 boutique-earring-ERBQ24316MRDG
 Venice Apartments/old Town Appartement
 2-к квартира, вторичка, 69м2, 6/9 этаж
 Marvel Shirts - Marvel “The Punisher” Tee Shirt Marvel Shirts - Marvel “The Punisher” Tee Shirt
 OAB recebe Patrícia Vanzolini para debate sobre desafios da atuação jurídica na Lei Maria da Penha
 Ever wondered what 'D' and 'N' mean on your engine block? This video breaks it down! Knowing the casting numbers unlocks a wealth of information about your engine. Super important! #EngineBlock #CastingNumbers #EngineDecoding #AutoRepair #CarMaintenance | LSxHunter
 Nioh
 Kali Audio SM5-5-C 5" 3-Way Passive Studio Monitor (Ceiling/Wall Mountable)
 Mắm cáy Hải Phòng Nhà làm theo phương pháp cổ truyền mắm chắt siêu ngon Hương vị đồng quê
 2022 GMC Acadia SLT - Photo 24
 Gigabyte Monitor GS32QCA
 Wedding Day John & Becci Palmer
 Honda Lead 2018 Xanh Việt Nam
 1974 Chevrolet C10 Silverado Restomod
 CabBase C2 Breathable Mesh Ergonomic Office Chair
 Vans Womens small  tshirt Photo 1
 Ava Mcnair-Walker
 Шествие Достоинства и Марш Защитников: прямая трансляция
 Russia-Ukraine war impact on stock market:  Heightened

= = = =

> WHAT IS REQUIRED: All lines from the one containing "2022 GMC Acadia SLT - Photo 24" through the end of the listing must be transcribed exactly. No other lines belong in the answer.

> RESPONSE AREA:
 2022 GMC Acadia SLT - Photo 24
 Gigabyte Monitor GS32QCA
 Wedding Day John & Becci Palmer
 Honda Lead 2018 Xanh Việt Nam
 1974 Chevrolet C10 Silverado Restomod
 CabBase C2 Breathable Mesh Ergonomic Office Chair
 Vans Womens small  tshirt Photo 1
 Ava Mcnair-Walker
 Шествие Достоинства и Марш Защитников: прямая трансляция
 Russia-Ukraine war impact on stock market:  Heightened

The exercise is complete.